Interview with Maxine Peake: Interview at MIF13 Launch. Maxine talks about her one-women performance in The Masque Of Anarchy at MIF13. Read more here.

By Peter Lazenby in Britain:

We aspire to give women the confidence to take on whatever role they choose

Thursday 4th September 2014

Maxine Peake talks to Peter Lazenby about playing the traditionally male role of Hamlet at Manchester’s Royal Exchange theatre.

It’s no surprise that Manchester’s Royal Exchange has extended its run of Hamlet with Maxine Peake playing the role of Shakespeare’s tragic hero.

It opens next week and the actor, a long-time friend of the Morning Star, has won widespread acclaim for tackling the role. There’s a big demand for tickets.

It’s caused her a few bumps and bruises as well. That, too, will raise no eyebrows among those who know her. When she takes on a role she does so “full on,” she says.

She did it in 2012 when she performed Percy “Red” Shelley’s 91-stanza poem The Masque Of Anarchy. It was written in response to the 1819 slaughter of protesters in Manchester’s infamous Peterloo Massacre, when sabre-wielding Hussars rose into a peaceful crowd of 60,000 listening to speakers calling for greater democracy and freedom.

To the public, of course, Peake has many faces — those of the characters she has portrayed in a wide range of TV series. They include Dinnerladies, Silk, The Village and Shameless, along with her performance as Myra Hindley in See No Evil: The Moors Murders. The list goes on.

But there’s always a freshness to her work, maybe because it is influenced by her deeply held political beliefs.

Peake is a socialist and is not afraid to speak out, particularly in voicing her disgust at the coalition government’s austerity measures and attacks on working people.

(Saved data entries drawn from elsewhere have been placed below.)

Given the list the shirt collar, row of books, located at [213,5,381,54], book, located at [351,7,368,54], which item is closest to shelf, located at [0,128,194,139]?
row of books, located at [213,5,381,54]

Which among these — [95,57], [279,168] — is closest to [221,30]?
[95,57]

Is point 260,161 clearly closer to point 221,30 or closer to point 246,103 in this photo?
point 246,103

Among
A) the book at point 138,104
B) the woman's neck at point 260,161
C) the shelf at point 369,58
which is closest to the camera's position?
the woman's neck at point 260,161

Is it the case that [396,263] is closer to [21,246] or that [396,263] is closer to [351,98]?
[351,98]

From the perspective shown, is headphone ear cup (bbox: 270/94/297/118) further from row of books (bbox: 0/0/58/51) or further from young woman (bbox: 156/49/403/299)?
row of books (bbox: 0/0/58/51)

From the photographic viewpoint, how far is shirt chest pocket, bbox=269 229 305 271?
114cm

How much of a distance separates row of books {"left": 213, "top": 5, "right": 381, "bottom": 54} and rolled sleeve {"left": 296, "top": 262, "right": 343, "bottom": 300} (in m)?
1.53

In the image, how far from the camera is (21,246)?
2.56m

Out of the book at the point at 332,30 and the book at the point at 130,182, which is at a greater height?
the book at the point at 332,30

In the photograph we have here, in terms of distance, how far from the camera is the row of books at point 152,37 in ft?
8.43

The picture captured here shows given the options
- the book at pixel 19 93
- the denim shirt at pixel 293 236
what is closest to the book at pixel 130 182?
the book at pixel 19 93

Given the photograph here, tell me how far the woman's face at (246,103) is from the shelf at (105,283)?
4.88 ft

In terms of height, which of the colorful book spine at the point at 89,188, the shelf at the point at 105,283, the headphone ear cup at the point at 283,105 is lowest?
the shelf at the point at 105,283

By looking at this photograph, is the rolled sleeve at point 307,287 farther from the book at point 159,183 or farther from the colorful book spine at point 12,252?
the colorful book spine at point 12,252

Now she is breaking more new ground as a woman actor taking on the traditionally male role of Hamlet. It’s never been her desire to play the Prince of Denmark, she says, “but it has always been my ambition to play a male part in a production. I don’t look at a role in terms of its gender, just whether I identify with the character or not.”

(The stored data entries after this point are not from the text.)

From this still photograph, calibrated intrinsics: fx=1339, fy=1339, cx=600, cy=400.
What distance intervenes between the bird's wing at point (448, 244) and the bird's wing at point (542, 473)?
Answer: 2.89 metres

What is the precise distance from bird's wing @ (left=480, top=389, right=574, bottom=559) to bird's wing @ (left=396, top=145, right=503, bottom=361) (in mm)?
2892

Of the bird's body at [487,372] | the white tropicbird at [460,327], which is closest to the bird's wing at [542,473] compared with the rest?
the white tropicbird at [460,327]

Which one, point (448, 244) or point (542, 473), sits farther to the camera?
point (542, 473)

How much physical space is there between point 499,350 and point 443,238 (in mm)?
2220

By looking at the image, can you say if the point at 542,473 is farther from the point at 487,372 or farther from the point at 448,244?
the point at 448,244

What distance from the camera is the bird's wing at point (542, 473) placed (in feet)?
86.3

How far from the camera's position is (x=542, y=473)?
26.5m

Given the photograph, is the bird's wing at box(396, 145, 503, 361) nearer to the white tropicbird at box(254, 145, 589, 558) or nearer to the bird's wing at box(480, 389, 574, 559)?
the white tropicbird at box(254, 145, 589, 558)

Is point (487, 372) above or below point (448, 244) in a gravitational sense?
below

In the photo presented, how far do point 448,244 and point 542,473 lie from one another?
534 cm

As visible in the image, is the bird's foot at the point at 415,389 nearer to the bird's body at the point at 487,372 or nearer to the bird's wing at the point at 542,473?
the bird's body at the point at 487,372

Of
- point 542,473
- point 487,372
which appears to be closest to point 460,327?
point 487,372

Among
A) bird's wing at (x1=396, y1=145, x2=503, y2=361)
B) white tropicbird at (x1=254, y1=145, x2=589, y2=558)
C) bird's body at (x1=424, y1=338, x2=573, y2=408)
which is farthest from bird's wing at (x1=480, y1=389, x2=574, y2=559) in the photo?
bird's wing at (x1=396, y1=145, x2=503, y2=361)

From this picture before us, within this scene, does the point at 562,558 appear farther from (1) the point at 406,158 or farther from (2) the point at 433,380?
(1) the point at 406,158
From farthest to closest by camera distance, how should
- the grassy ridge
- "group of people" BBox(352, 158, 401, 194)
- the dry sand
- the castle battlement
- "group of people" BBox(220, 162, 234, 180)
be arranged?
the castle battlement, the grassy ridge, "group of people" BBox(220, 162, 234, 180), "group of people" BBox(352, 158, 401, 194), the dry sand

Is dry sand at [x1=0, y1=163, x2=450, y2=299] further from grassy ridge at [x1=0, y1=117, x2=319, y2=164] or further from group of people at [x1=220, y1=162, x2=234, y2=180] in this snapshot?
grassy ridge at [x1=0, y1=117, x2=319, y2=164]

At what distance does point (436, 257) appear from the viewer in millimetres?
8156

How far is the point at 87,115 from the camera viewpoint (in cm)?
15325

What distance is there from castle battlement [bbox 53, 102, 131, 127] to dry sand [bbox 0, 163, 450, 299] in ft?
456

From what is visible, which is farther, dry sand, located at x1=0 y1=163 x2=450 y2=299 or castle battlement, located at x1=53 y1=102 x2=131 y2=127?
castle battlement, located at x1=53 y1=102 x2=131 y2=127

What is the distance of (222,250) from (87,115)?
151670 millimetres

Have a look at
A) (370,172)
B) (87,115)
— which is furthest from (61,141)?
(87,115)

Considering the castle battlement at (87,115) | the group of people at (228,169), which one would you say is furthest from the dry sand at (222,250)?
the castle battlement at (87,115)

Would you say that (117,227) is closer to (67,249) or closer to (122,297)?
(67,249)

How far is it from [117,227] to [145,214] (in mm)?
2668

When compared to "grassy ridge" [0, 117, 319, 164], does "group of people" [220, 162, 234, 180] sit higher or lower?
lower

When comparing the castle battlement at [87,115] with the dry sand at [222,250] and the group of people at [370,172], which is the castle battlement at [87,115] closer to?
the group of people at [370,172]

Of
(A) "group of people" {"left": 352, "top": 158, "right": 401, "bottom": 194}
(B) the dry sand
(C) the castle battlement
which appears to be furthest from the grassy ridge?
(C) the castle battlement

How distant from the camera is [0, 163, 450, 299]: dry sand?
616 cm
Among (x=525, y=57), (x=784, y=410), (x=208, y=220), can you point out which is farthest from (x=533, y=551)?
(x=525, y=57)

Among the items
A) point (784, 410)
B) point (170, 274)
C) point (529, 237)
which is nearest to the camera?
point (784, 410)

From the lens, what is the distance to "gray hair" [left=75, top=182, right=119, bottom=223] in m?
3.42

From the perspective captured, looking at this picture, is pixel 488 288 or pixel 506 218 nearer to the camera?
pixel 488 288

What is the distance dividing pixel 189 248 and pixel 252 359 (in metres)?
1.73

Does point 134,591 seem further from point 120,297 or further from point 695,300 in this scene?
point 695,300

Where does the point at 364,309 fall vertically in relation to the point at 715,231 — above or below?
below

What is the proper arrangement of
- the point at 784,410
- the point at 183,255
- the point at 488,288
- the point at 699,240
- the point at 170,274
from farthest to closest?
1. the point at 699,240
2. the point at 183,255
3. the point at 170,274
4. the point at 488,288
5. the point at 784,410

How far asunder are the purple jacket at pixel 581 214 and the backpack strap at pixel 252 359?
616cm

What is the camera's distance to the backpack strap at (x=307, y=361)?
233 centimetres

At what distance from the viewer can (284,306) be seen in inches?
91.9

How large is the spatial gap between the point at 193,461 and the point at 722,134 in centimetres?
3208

So why is she doing it? “I had done a production with Sarah Frankcom, our wonderful director, three years ago in which I played the title role in Strindberg’s Miss Julie and it was quite a success for the theatre,” she tells me.

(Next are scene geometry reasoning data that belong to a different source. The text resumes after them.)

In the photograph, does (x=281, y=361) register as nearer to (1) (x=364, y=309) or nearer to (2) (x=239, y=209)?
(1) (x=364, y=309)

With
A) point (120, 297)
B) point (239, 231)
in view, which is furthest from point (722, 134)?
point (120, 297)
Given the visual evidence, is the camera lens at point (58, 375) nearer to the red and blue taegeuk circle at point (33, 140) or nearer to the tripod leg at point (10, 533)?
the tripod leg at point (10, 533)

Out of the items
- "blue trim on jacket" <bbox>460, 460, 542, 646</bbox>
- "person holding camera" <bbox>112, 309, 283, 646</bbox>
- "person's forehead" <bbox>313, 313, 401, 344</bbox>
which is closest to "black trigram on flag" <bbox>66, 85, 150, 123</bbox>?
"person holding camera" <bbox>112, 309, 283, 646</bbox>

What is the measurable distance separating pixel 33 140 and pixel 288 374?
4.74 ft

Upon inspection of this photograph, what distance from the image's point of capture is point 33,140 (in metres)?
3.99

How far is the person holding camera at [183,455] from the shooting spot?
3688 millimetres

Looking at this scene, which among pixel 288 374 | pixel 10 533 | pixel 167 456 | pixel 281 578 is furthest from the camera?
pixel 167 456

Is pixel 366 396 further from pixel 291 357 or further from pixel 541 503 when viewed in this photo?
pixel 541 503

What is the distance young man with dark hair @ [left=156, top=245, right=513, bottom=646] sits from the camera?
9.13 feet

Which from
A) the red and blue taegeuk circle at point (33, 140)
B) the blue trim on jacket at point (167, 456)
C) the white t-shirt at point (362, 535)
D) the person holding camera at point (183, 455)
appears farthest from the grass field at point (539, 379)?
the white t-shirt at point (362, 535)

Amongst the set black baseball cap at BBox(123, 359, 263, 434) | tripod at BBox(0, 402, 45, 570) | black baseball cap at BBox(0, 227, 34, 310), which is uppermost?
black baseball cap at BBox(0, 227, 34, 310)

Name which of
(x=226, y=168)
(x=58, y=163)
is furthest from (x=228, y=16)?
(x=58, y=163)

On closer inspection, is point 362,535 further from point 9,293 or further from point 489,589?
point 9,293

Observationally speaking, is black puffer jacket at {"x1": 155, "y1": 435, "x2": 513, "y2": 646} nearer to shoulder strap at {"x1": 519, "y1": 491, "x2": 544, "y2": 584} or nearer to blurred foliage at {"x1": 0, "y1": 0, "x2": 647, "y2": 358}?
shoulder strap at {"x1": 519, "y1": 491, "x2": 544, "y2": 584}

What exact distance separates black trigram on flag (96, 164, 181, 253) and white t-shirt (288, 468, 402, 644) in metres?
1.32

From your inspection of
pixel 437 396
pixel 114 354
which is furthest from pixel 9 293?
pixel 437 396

“So we sat down and put our heads together to think of another project. We wanted something different that would stretch and challenge us both to the limit. Hamlet seemed perfect.”

It is “a mountain of a play, very physically demanding and challenging,” she says. “The design is very cool and minimal with a quite extraordinary use of light.”

Peake’s commitment to her audiences is total and she wants them to take a clear interpretation and accessible version of the play with them when they leave the theatre. “Hopefully it’ll be a Hamlet they can relate to. But mainly I hope that they feel they got their money’s worth and had a full theatrical experience.”

The theatre, as does virtually all the media, suffers badly from gender imbalance and for Peake playing Hamlet is part of the process to redress that. “There is a real sea-change in the gender balance in theatre,” she explains. “The Exchange I think is leading that process. The imbalance has gone on now far too long and it’s so exciting that companies are having a go at tackling it. It’s still not enough but I hope that our Hamlet will help with that.

“In years to come women will be playing these roles and no-one will be questioning it and we aspire to give women the confidence to take on whatever role they choose.

“Hopefully people will now start to tackle the race issue that I feel is still a problem in theatre and television and we’ll start to do more colour-blind casting and begin to represent honestly the wonderful racial diversity of our country.”

Peake chooses to live in the region of her birth – she was born in Bolton in Lancashire and now lives in Salford — rather than London.

In addition to acting she is an accomplished writer and her work has included a play for BBC Radio 4 about the courageous women who staged an underground occupation of a Lancashire colliery in protest at pit closures in 1993.

The Royal Exchange has made her an associate artist, with a wide-ranging role. What does she hope to achieve now?

“I will be writing as a part of my new role,” she says. “I have an idea but what it is I can’t tell you yet I’m afraid. I will be mentoring some young actors on a project next year who have been cast from the local community.

“I am really excited. I think the Royal Exchange is a thoroughly modern theatre that is responding to its surroundings and the times we live in. Up the revolution!”

Such enthusiasm is positively infectious.

Hamlet runs from September 11-October 25, details: royalexchange.co.uk.